Sudanese gov't allocates 3 airports for humanitarian aid

KHARTOUM, May 13 (Xinhua) -- The Sudanese government announced Friday that it had allocated three airports to facilitate the arrival of humanitarian aid.

People wait to be evacuated near an airport in Omdurman, Sudan, April 26, 2023. As conflict continues in Sudan, many people have fled to neighboring countries. (Photo: Xinhua)

The airports in Port Sudan and Wadi Seidna, as well as Khartoum International Airport, will serve as entry points for humanitarian aid after maintenance, said the Council of Ministers, the cabinet, in a statement.

The cabinet called on all national and foreign voluntary organizations and relevant authorities to coordinate with a special committee it formed to ensure the delivery of humanitarian aid to all affected citizens.

Khartoum International Airport, Sudan's main airport, went out of service after being bombarded during clashes between the Sudanese Army and the paramilitary Rapid Support Forces (RSF).

The decision to allocate airports is part of efforts to implement a commitment to protect civilians, signed by the Sudanese Army and the RSF in the Saudi port city of Jeddah on Thursday following the start of peace talks on May 6.

In the declaration, the conflicting parties vow to "achieve a short-term ceasefire to facilitate the delivery of emergency humanitarian assistance and restoration of essential services."

International organizations and authorities have welcomed the deal to protect civilians.

"While humanitarian workers, most notably local partners, have continued to deliver in very difficult circumstances, the secretary-general hopes this declaration will ensure that the relief operation can scale up swiftly and safely to meet the needs of millions of people in Sudan," said Stephane Dujarric, chief spokesman for UN Secretary-General Antonio Guterres.

The UN chief reiterated his call for an immediate ceasefire and expanded discussions to achieve a permanent cessation of hostilities, the spokesman said.

The United Nations would spare no effort to assist in the declaration's implementation and will continue to deliver humanitarian aid, ceasefire or not, he added.

Meanwhile, Libya's Ministry of Foreign Affairs and International Cooperation said the declaration "represents a courageous step by both sides of the crisis to commit to protecting civilians in Sudan."

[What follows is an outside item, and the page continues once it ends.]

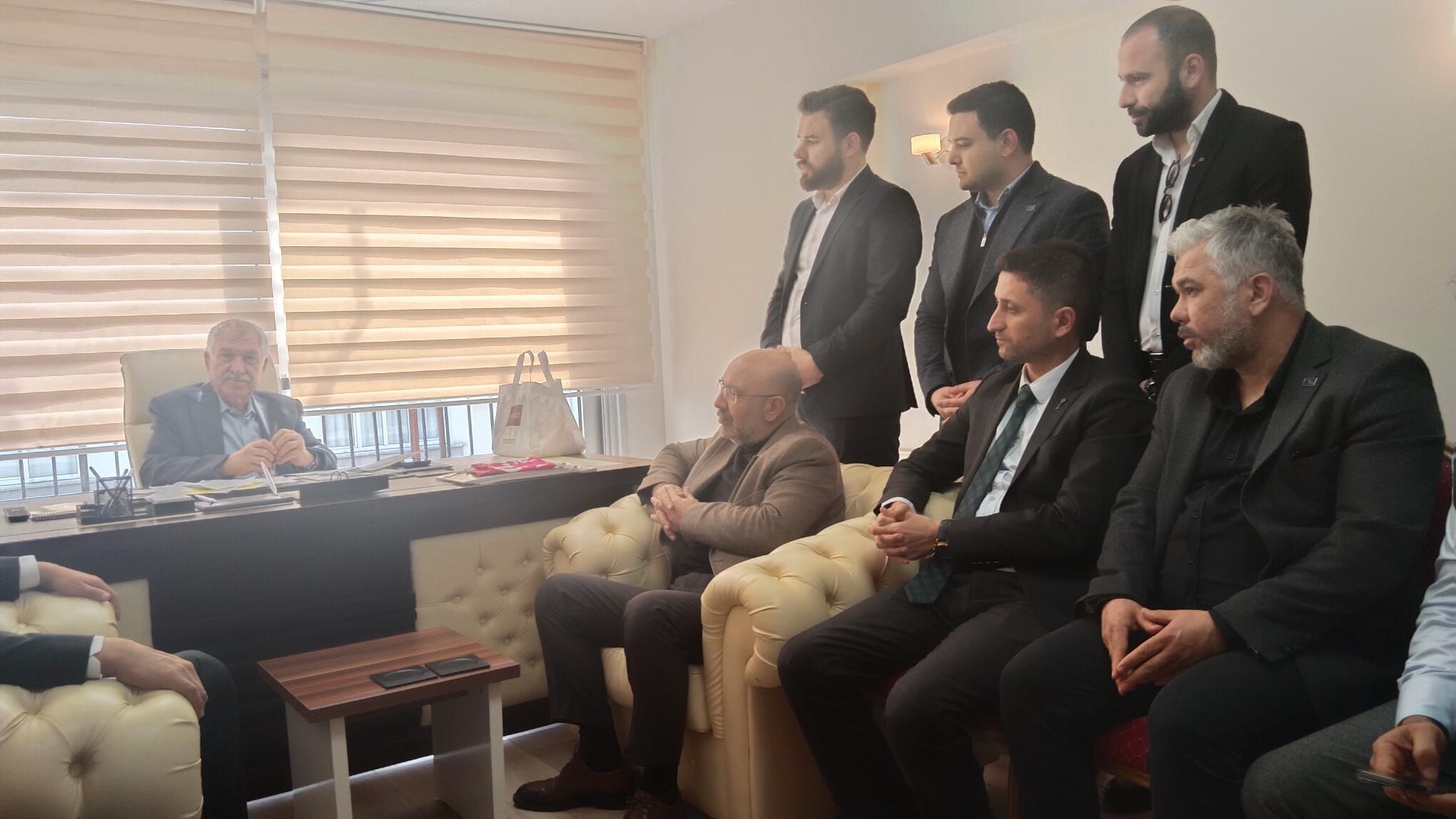 Başkan Karalar'a Geniş Katılımlı Geçmiş Olsun Ziyareti 1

The ministry reaffirmed Libya's keenness to restore stability in Sudan and to encourage the Sudanese Army and the RSF to abide by their commitments in the declaration.

It also called for reinforcing the agreement between the Sudanese rivals by additional measures, "especially in the path of responding to urgent humanitarian needs."

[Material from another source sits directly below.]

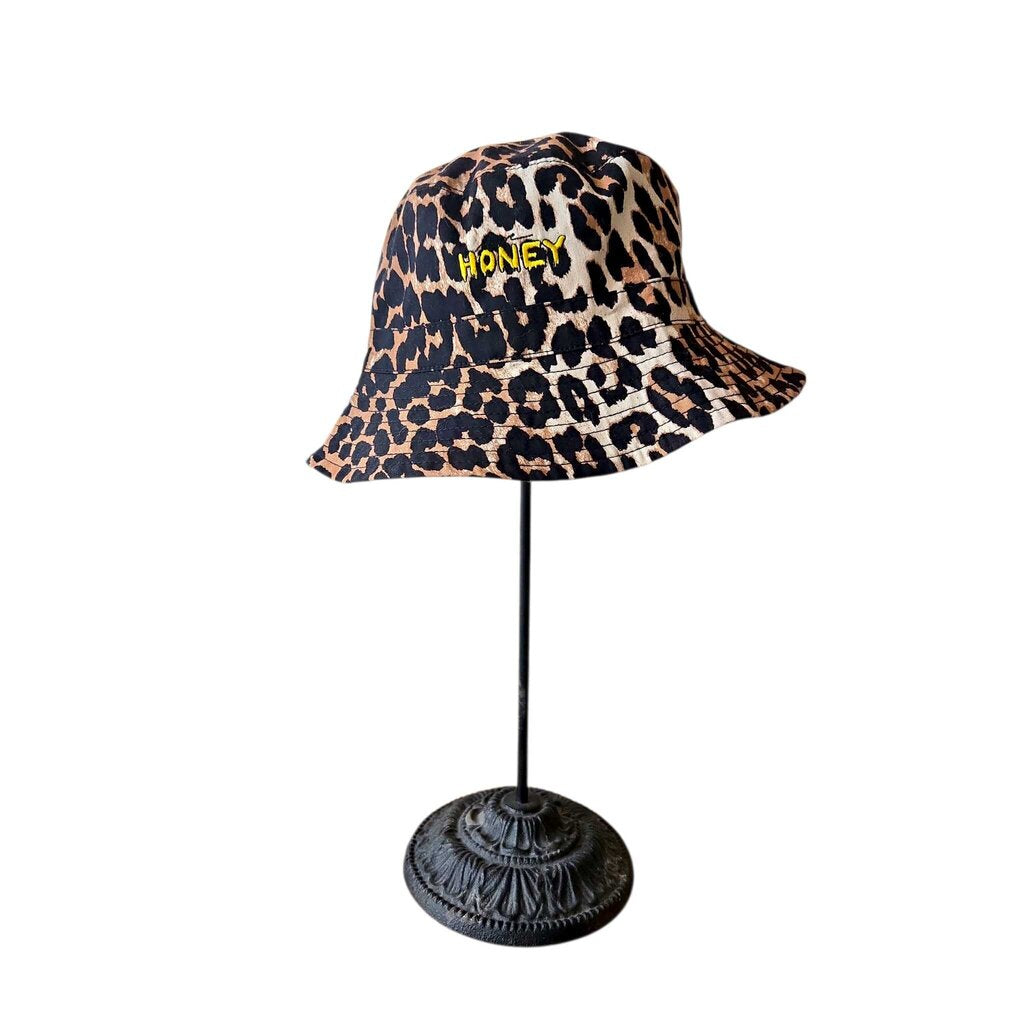 GANNI ANIMAL PRINT "HONEY" BUCKET HAT retail 140.00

More than 164,000 people have sought refuge across borders since the outbreak of the military conflict in Sudan on April 15, showed the UN Refugee Agency. The International Organization for Migration estimates some 736,000 people have been internally displaced within Sudan since the start of the conflict. Almost 3.8 million people were displaced within Sudan before the outbreak of violence.

According to the United Nations, about 15.8 million Sudanese, or one-third of Sudan's population, will need humanitarian aid in 2023, and the figure is likely to increase.

The deadly clashes have left at least 550 people dead and 4,926 others wounded, according to the figures released by the Sudanese Health Ministry in early May.